News Story

Ratepayers vs. Monopoly: How Will Next Utilities Commissioner Rule?

State agency that regulates public utilities undergoing transition

One man's resignation announcement from a relatively obscure public office puts back in the spotlight a debate over the role of markets versus regulation in the field of energy.

John Quackenbush, who has chaired the three-member Michigan Public Service Commission since he joined it in 2011, plans to leave the commission by March 31. Gov. Rick Snyder is expected to name a replacement before then.

The public service commission is the government agency that regulates public utilities in Michigan, including electric power, telecommunications, natural gas and transportation services.

Dave Murray, spokesman for Snyder, said he is unaware of any short list of possible replacements for Quackenbush. The governor has already chosen Sally Talberg, who has been on the commission since 2013, as its new leader.

Kevon Martis, director of the Interstate Informed Citizens Coalition (IICC), which opposes industrial scale wind power, said that the role of the commission is now particularly important considering what is — or is not — currently taking place in the Legislature.

“It doesn’t look like the Legislature will be taking action to deregulate Michigan’s electric utilities anytime soon,” Martis said. “That really leaves it up to the Public Service Commission to protect the interests of ratepayers.”

Laura Chappelle, who was appointed to the commission in 2001 and served until 2007, also stressed its significance.
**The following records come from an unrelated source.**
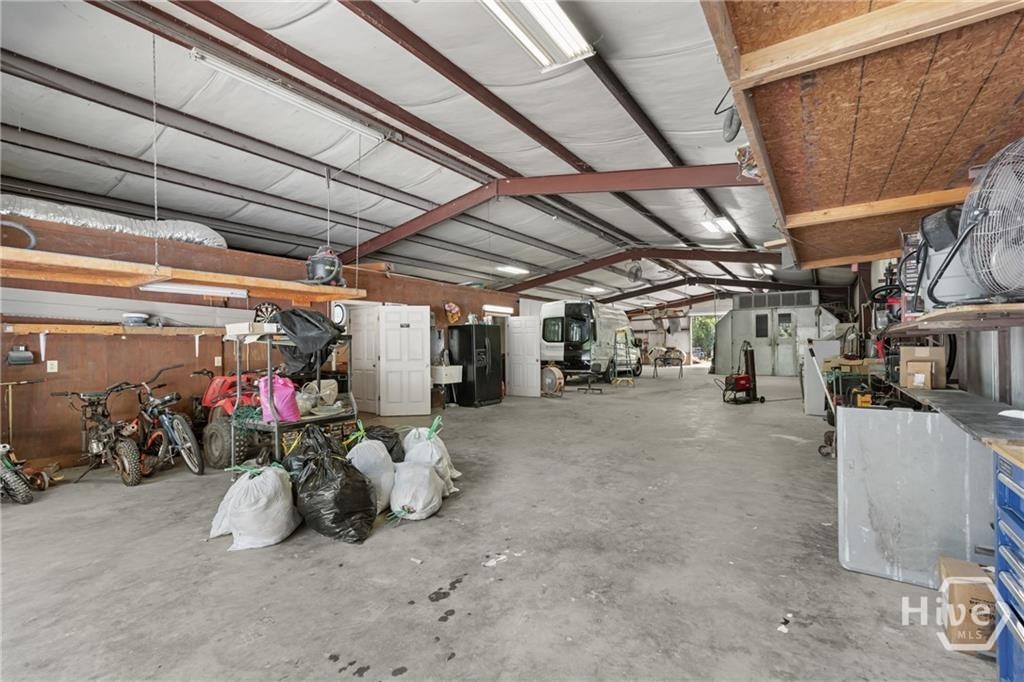 3232 21 Highway Property Photo 16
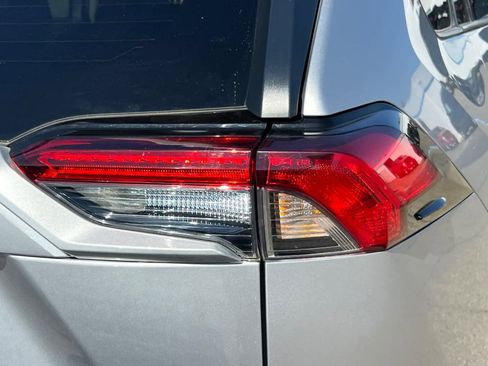 Used 2021 Toyota RAV4 LE AWD/4WD image 18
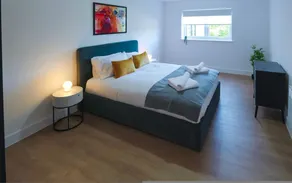 Luxury Manchester Apartment - Blue - Image 5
“Certainly the issues of energy reliability and costs are of vital importance to the economy, businesses and residents,” Chappelle said. “It is of the utmost necessity that the MPSC remain an informed and impartial authority that will ensure that utilities recoup the cost of supplying service, while also making sure that the interests of both business and residential ratepayers are protected.”

“In a regulated environment — particularly one in which utilities have been allowed monopoly status — it’s the role of the MPSC to try as much as possible to achieve results that mimic a competitive market,” Chappelle added. “Although a chairman of the commission ultimately only has one of three votes, they do provide leadership that’s instrumental in helping to determine policy direction.”

Word of Quackenbush’s departure comes only a couple of months after the MPSC’s decision to allow Consumers Energy and Detroit Edison to increase rates. In early November, the commission granted Consumers Energy a $126 million rate hike and later that month it granted DTE a $238 million increase. Michigan currently has the highest electricity rates of any state in the region.

The commission does not determine the degree to which utilities are regulated or whether (or to what degree) they are given monopoly status. That decision is left up to the governor and the Legislature. In 2000, under Engler, Michigan’s electricity market was opened up to full competition and in the years that followed, Michigan’s rates were consistently either the lowest or among the lowest in the region.

But in 2008, the law was changed to limit the portion of the electricity market subject to this competition to just 10 percent. Rates — as compared to neighboring states — have been going up ever since. Currently, there is a measure (House Bill 4298) in the Legislature that its opponents claim would eliminate the final 10 market competition (so-called electric choice) that the utilities have to contend with and return them to full monopoly status.

In addition, the Legislature is also considering expanding the utility commission to five members. According to its official mission statement, the commission aims to “grow Michigan's economy and enhance the quality of life of its communities by assuring safe and reliable energy and telecommunications services at reasonable rates.”

The members of the Michigan Public Service Commission are appointed to staggered six-year terms by the governor, with the advice and consent of the Senate. The governor also determines who will chair the commission. No more than two commissioners may represent the same political party.